David ist mit Jonas auf dem Spielplatz und da geschieht es : „Der Biss“. Ein anderes Kind beißt Jonas und David rastet förmlich aus. Der Vater des anderen Kindes ist völlig perplex und versteht die Situation nicht, weil seine Deutschkenntnisse sehr limitiert sind. Petre und seine Frau Aurica kommen aus Rumänien und erhoffen sich ein besseres Leben in Deutschland. Sie ist Krankenschwester, deren Berufsausbildung nicht anerkannt wird und er ist Koch und auf der Suche nach Arbeit.

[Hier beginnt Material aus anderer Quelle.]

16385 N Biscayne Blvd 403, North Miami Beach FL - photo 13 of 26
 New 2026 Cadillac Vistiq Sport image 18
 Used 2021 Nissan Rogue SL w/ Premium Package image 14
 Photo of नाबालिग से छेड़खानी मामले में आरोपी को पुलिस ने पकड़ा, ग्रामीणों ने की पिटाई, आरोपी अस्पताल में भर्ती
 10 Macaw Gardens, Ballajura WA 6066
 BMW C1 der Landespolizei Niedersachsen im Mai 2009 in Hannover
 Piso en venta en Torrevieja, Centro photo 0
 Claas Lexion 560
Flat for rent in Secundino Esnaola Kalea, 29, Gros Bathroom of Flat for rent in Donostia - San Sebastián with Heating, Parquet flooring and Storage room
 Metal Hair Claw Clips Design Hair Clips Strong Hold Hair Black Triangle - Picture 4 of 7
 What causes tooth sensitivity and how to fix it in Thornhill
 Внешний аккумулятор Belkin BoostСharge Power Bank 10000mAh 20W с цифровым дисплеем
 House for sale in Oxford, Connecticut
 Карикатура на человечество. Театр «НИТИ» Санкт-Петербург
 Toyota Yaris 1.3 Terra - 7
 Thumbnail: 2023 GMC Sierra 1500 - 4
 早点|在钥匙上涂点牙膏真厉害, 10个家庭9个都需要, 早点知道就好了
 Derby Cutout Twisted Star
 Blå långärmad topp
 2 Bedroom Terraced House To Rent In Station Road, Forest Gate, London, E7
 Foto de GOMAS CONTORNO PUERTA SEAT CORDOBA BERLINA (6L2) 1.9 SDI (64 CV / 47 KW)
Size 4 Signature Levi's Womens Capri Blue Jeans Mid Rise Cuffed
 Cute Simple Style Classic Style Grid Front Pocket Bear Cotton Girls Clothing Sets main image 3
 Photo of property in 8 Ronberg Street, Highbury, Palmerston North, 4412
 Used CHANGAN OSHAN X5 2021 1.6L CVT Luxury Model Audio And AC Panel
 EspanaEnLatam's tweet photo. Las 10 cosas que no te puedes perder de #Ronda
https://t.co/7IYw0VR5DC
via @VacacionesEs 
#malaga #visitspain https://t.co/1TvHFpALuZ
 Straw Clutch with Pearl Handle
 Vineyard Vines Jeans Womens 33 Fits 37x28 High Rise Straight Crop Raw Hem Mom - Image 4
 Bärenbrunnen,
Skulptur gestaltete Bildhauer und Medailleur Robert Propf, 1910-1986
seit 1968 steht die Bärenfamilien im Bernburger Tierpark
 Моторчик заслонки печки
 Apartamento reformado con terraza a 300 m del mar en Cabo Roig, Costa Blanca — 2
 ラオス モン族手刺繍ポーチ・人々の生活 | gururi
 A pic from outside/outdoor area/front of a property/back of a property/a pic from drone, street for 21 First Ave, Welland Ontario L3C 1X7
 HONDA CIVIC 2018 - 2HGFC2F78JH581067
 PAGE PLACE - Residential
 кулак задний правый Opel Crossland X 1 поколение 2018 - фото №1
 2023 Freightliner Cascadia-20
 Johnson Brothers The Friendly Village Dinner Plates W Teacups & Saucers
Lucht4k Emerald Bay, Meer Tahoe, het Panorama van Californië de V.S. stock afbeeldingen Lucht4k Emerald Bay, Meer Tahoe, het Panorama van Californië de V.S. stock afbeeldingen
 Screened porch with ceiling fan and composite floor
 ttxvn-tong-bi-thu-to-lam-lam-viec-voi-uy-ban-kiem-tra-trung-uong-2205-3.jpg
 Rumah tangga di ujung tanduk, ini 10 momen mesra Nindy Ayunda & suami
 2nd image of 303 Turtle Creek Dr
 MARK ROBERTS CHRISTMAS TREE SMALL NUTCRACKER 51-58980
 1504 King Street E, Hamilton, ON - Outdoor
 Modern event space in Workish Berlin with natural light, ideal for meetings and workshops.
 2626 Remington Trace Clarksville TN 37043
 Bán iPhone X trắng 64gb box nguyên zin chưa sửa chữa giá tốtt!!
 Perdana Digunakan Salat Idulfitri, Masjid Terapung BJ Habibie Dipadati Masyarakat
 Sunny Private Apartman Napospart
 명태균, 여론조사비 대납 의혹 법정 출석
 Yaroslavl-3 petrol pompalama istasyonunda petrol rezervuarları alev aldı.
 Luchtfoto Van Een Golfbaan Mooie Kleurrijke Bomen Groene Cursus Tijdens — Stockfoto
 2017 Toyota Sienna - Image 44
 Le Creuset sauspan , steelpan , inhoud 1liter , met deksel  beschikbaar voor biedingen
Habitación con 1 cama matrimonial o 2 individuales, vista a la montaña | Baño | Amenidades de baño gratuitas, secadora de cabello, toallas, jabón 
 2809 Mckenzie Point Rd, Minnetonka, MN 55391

Der Roman stellt diese diametral gegenüberliegenden Lebenssituationen sehr gut dar und beleuchtet die Gegebenheiten. Hier prallen zwei Welten mit voller Wucht auf einander und die Geschichte spiegelt uns hier so viele Themen die mit Zuwanderung, Gentrifizierung, Diskriminierung, Bubble-Leben, Privilegiertes Leben, Zukunftsvisionen vs Ängste. Ein spannendes gesellschaftliches Portrait unserer urbanen Zeit.
Es gab einige unnötigen Stellen, die den Roman nicht bereichert haben. Das hätte Florian Scheibe sich sparen können. Aus meiner Sicht fast kontraproduktiv zum Kern des Romans. Aber davon mal abgesehen eine gute Lektüre.